→ **WHAT IS BEING ASKED**: The answer must consist solely of the lines from the one with "新北烏來 烏來瀑布公園00014" through the last line of the data, copied exactly, with no pictures.

→ **THE INPUT**:
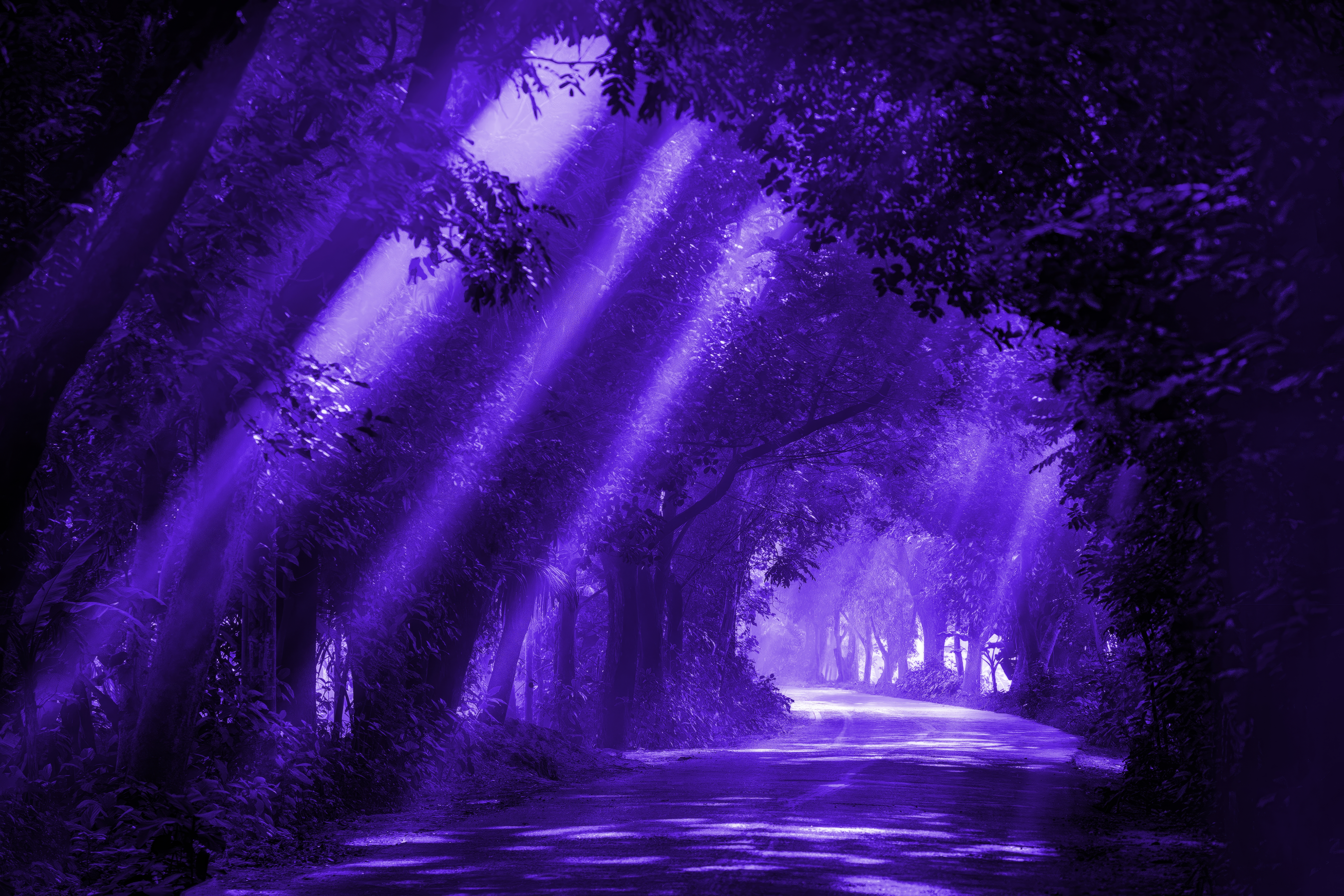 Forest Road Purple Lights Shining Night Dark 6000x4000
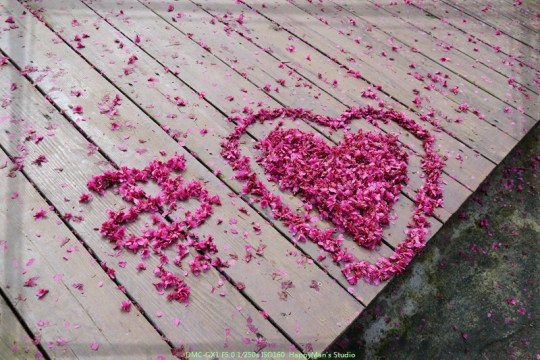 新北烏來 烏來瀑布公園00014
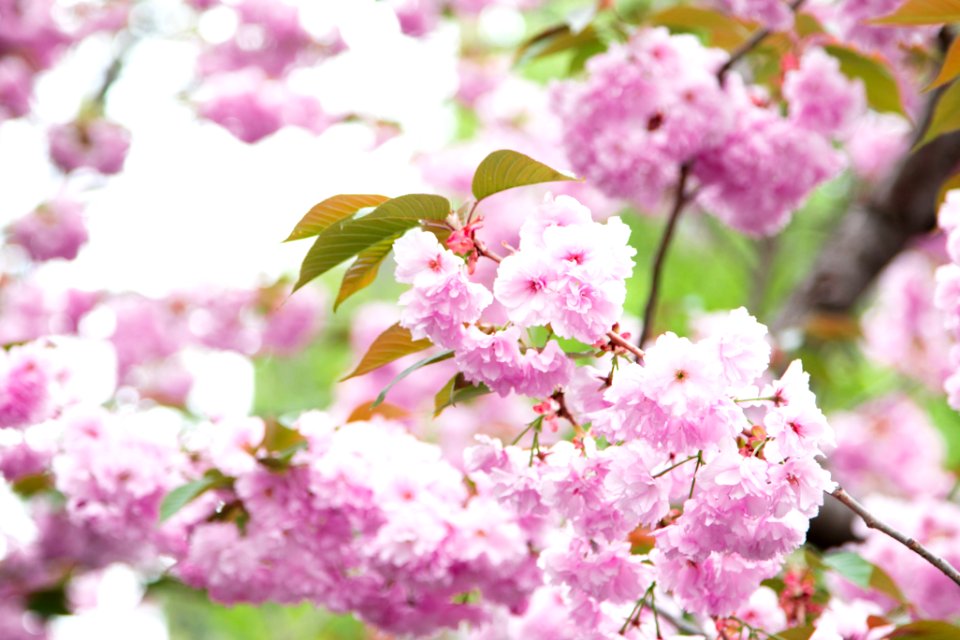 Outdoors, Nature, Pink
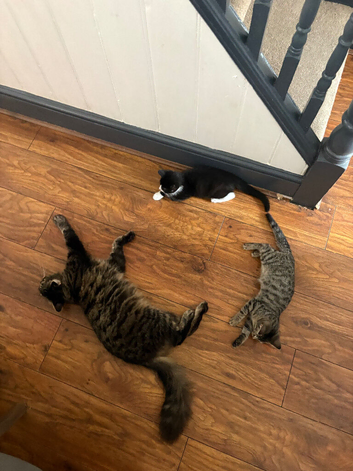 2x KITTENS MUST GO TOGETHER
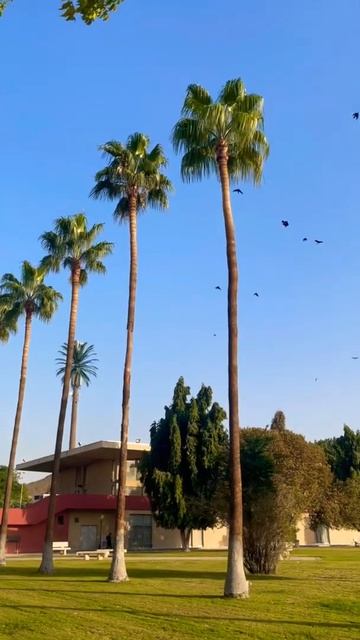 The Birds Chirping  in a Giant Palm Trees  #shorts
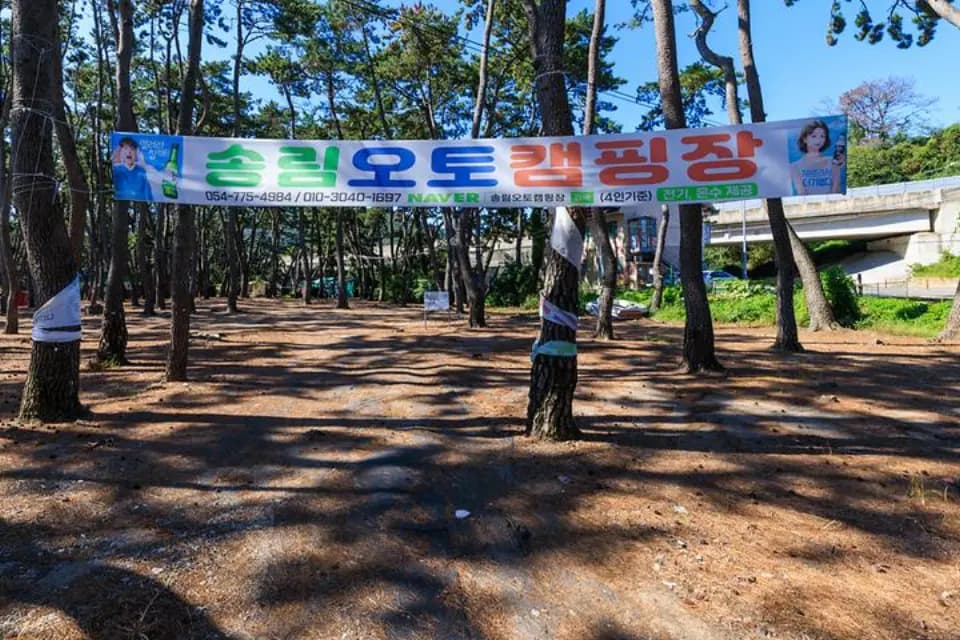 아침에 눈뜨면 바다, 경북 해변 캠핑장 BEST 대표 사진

→ **ANSWER BOX**:
 新北烏來 烏來瀑布公園00014
 Outdoors, Nature, Pink
 2x KITTENS MUST GO TOGETHER
 The Birds Chirping  in a Giant Palm Trees  #shorts
 아침에 눈뜨면 바다, 경북 해변 캠핑장 BEST 대표 사진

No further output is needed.